Dear all,
In one of the RNA-Seq datasets I'm analysing, the knockdown/overexpression of a single gene is being compared to the empty vector. This comparison has been done for seven different genes. In every case, I'm getting over 5000 significantly differentially expressed genes. To me this seems like an excessive amount given that only one gene has been overexpressed/knocked down and that it's happening for all seven genes, so probably I'm doing something wrong. Does anyone have any advice/ideas on how I can find out how correct the results are or how to pinpoint where I went wrong?
The pipeline trims the reads with fastp, aligns them with STAR (I've also tried Salmon with the same result) and tests for differential expression with DESeq2.
Cheers, Liam
I didn't think that the details would be so useful, but here goes: Paired reads are being trimmed with fastp (-q 30, -c), aligned with STAR (no special parameters), then quantified with featureCounts (-Q 1 --ignoreDup, -s 0). R code as follows:
sessionInfo
Two suggestions are: take a look at the PCA plot to get a sense for your sample distances within and across group.

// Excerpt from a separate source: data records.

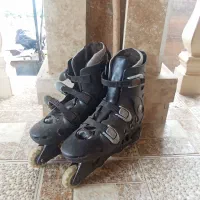 اسکیت پسرانه نو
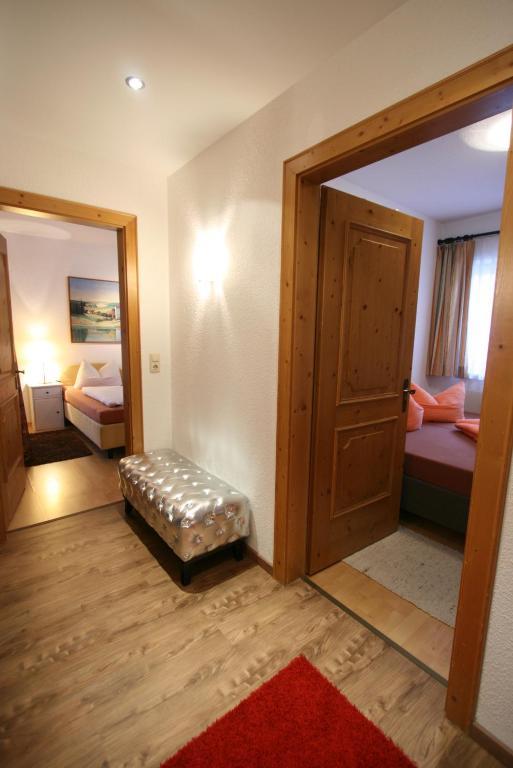 Ferienwohnung Fankhauser Mayrhofen Zimmer foto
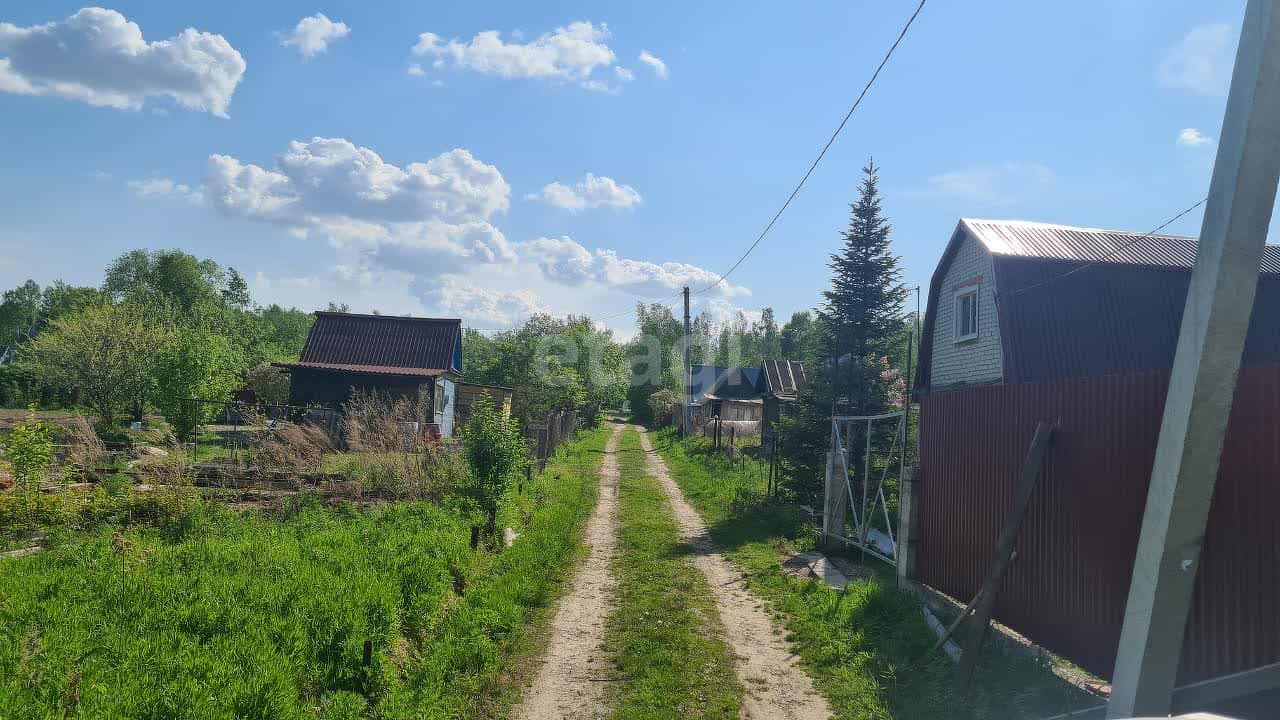 Купить земельный участок в районе Энергостроитель СНТ в Хабаровске, продажа  земли недорого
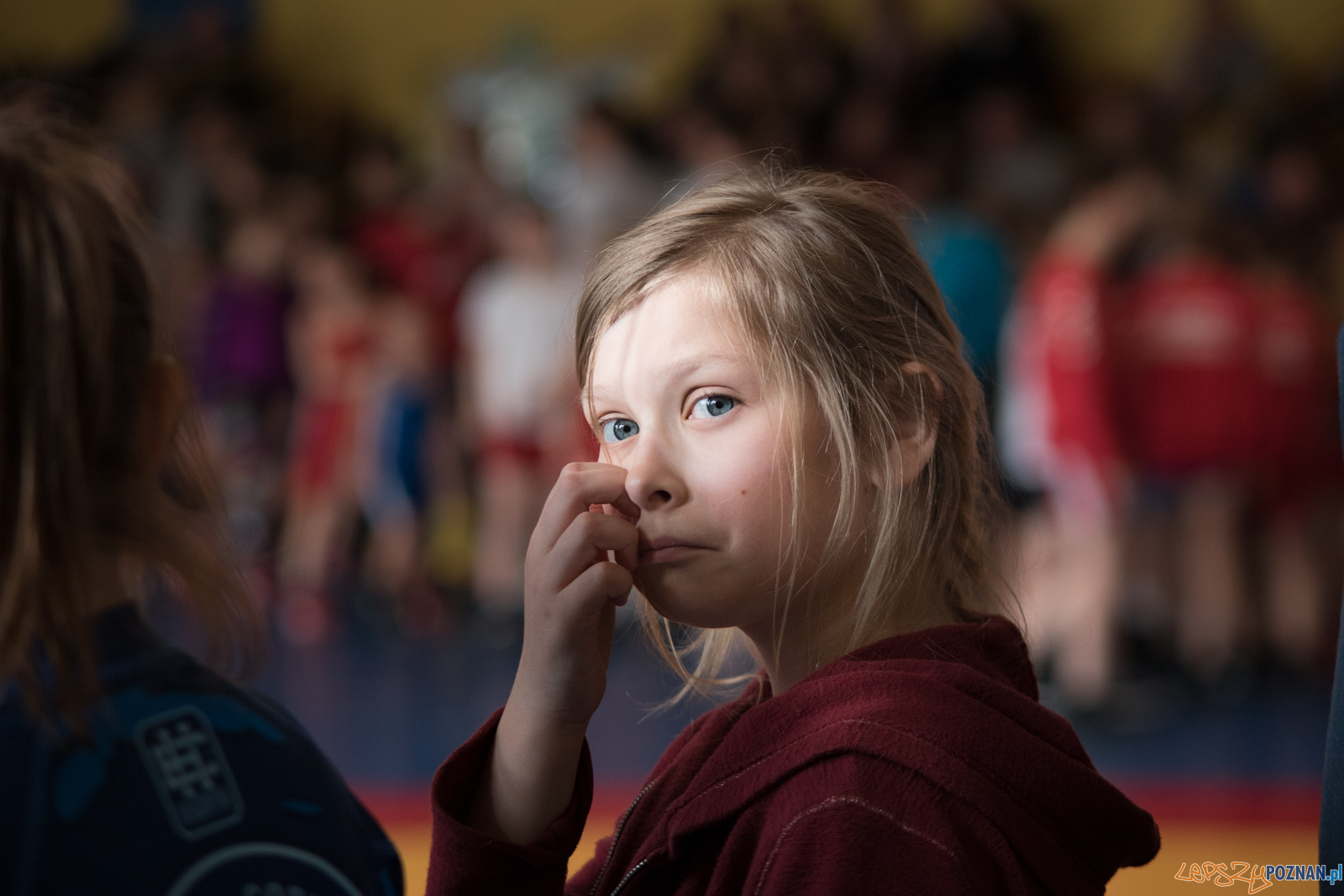 Turniej Wielkanocny KS Sobieski Foto: lepszyPOZNAN.pl / Ewelina Jaśkowiak Turniej Wielkanocny KS Sobieski Foto: lepszyPOZNAN.pl / Ewelina Jaśkowiak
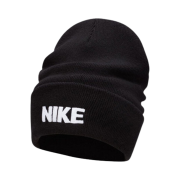 Nike Peak Beanie Black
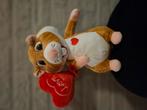 Ah valentijn hamsters, Ophalen of Verzenden, Zo goed als nieuw, Overige typen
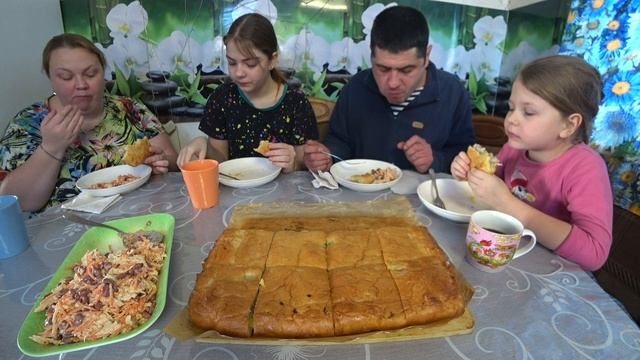 мукбанг. смотреть онлайн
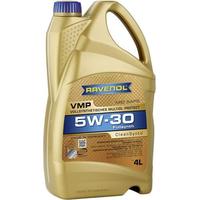 Ravenol VMP 5W-30 4 л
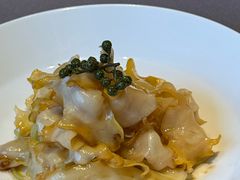 花椒炝响螺片-遇外滩(BFC外滩金融中心店)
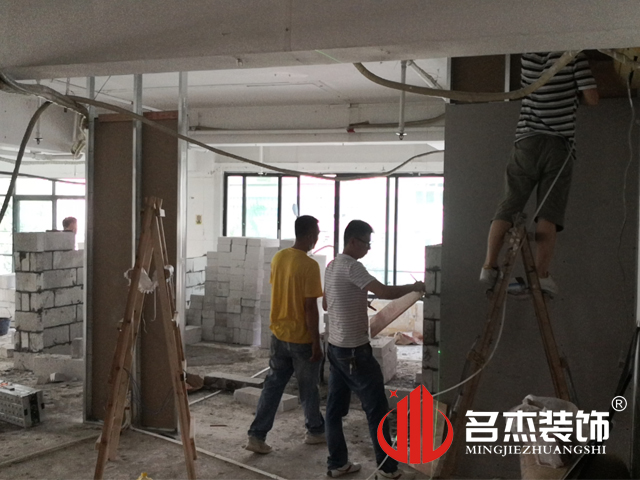 昭通装建设计公司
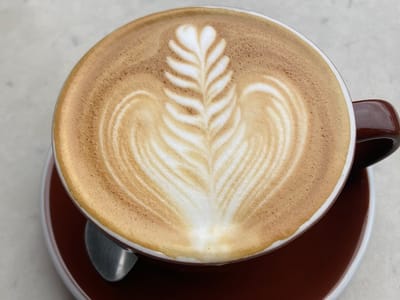 Stumptown Coffee Roasters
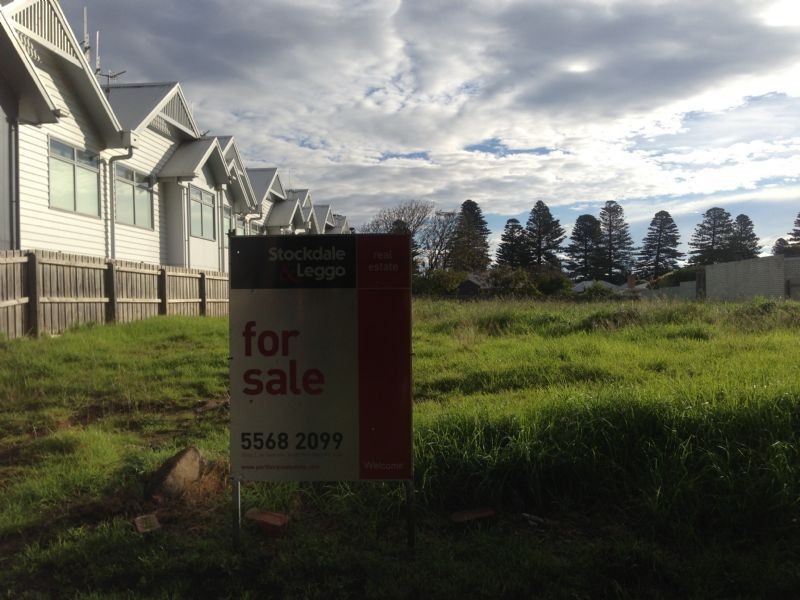 LOT 2/38 James Street, Port Fairy VIC 3284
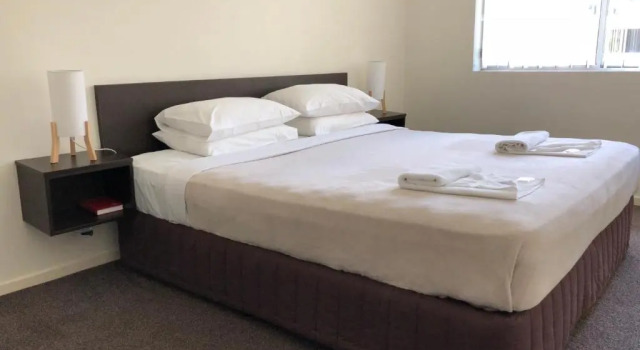Апартаменты с 2 комнатами Splendido Resort Apartments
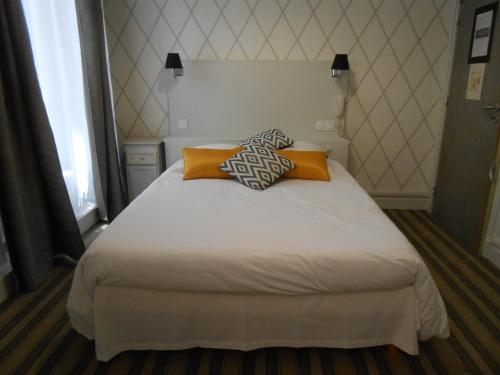 Régina Boutique Hotel - image 11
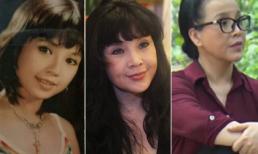 Từng bị nghi 'dao kéo', nhan sắc hiện tại của NSND Lan Hương giờ ra sao?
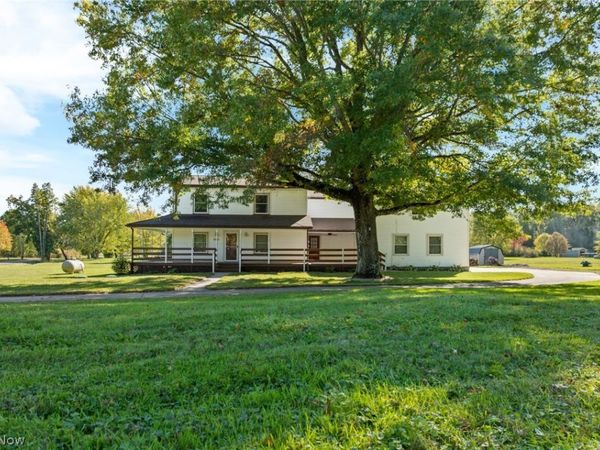 22525 Smith Northwest Road , North Benton, OH 44449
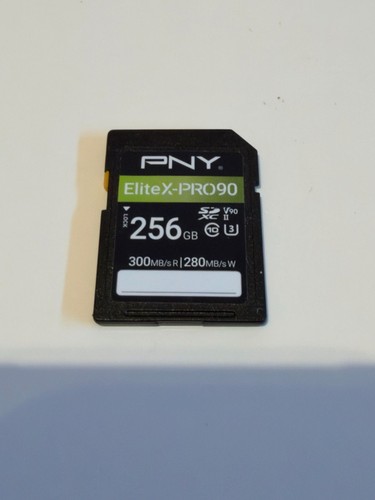 Pny elitex pro90 - elitex-pro90, sdxc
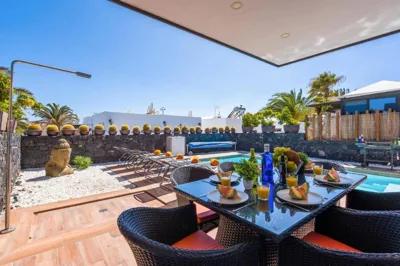 Villa Kikay by Villa Plus — Foto 11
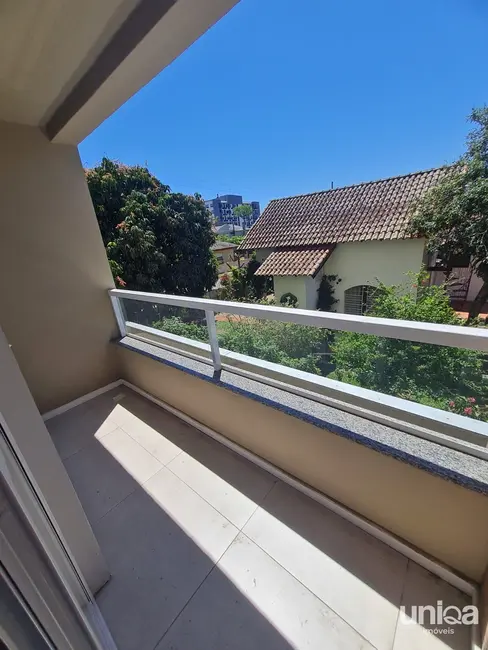 Foto 3 de Apartamento com 1 quarto à venda, 40m2 em Camobi, Santa Maria - RS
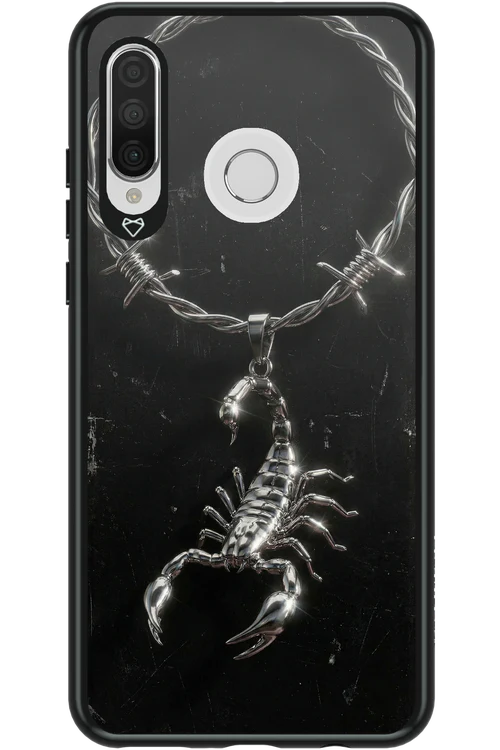 Scorpio (Chrome) 2.0 - Huawei P30 Lite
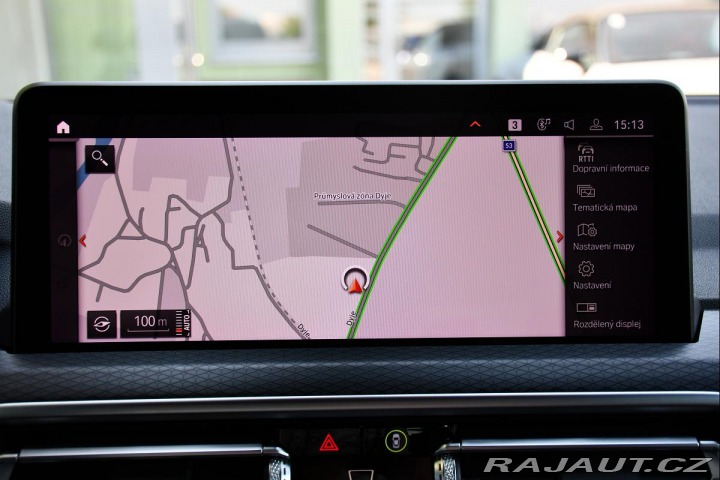 BMW X4 xDrive30d M-SPORT LED TAŽ 2023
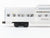 O Gauge 3-Rail Lionel Lines Aluminum Vista-Dome Passenger 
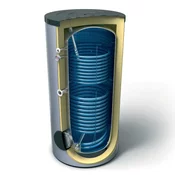 Spremnik s dva izmjenjivaca topline Bosch AS 500 DUO (8 bar) Acu Solar 500 L - Bosch - 7735500131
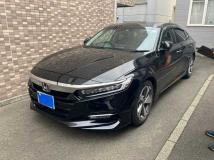 2021 Honda Accord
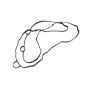 ACDelco GM Genuine Parts Valve Cover Gaskets for 2016-2022 SPARK - 12649041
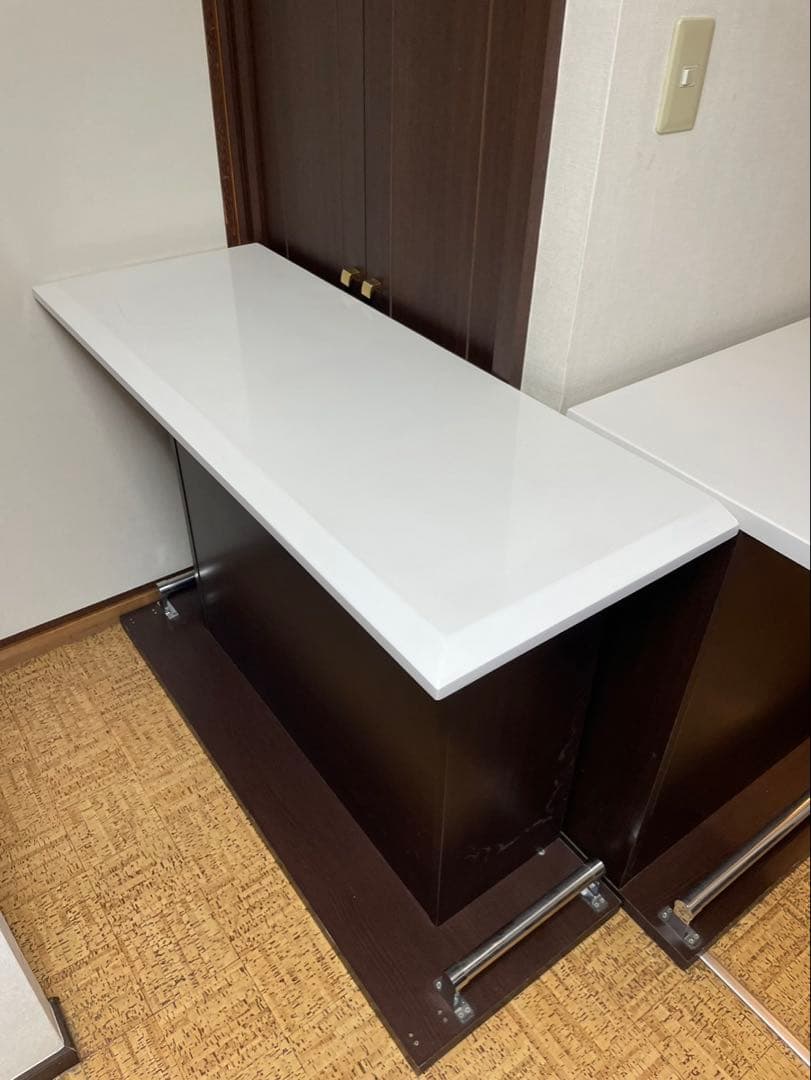 【Ka2】バーカウンター②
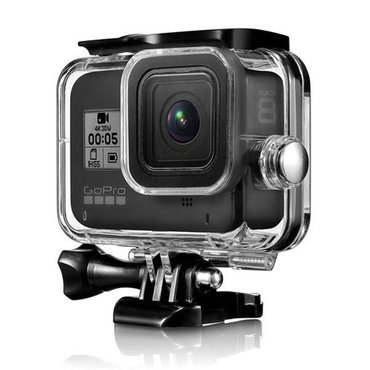  GOPRO 고프로 히어로 8 액션캠 방수케이스 방수팩_W5030C0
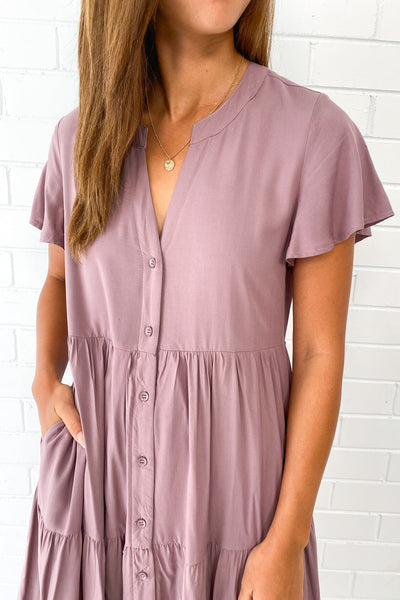 Teacher Dress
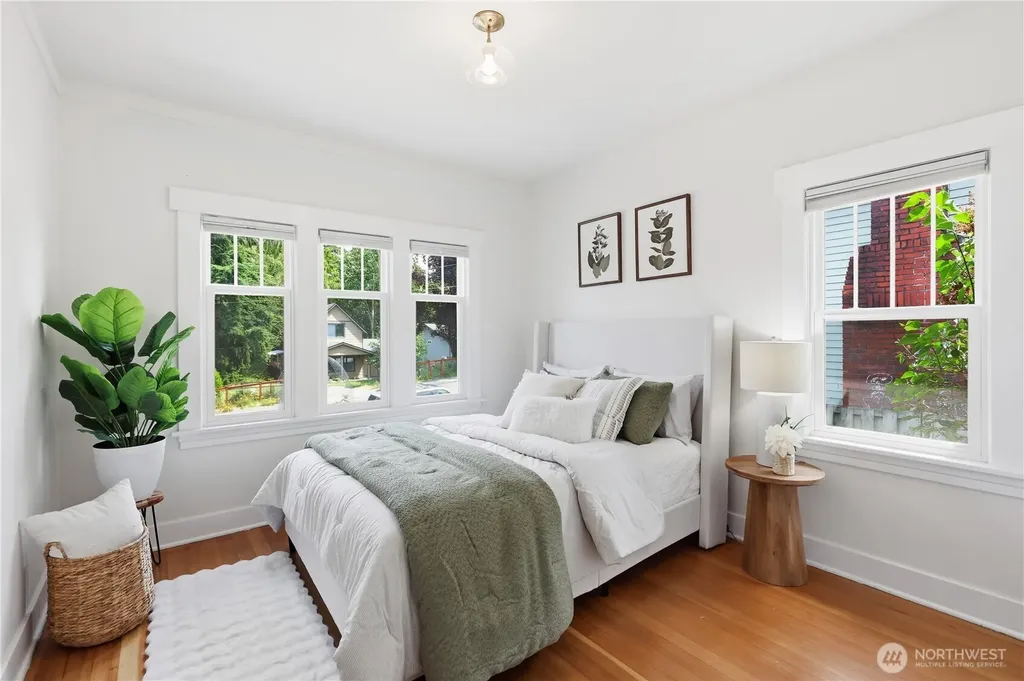 3416 Nassau Street Everett WA 98201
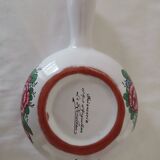 Caquelon, Angoulême Renoleau art earthenware factory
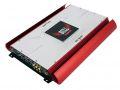 Bull Audio Verst�rker BA-AMP 4.600 - AIV 350910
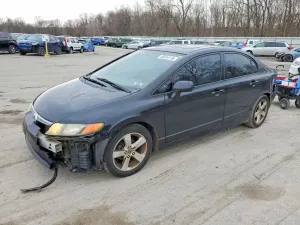 Honda Civic 1.8L 4 2008
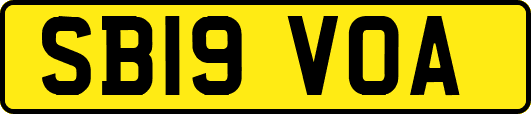 SB19VOA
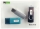Buzunar cu fermoar Complete Traveller, XS, 2 buc, Leitz 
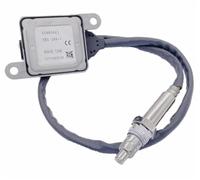 Sensore Ossigeno azoto Compatibile Con Opel Per Insignia A 2.0 Per Vivaro Van Per Zafira C 1.6L CDT P12 DIESEL 55485443 5WK97246 LW5442S Sensore Nox Di Ossido Di Azoto Posteriore Per Auto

Also in the paper we discuss that with sufficient samples you may find many genes where LFC is not zero but these may not be of interest. We therefore recommend use of an specified LFC threshold as an argument to results().
Thanks for the help. Until now I'd rarely used LFC as a threshold as it hadn't changed the interpretation much, so it didn't cross my mind. Setting a LFC threshold of 1 reduces the number of genes to ~600, a much more managable number.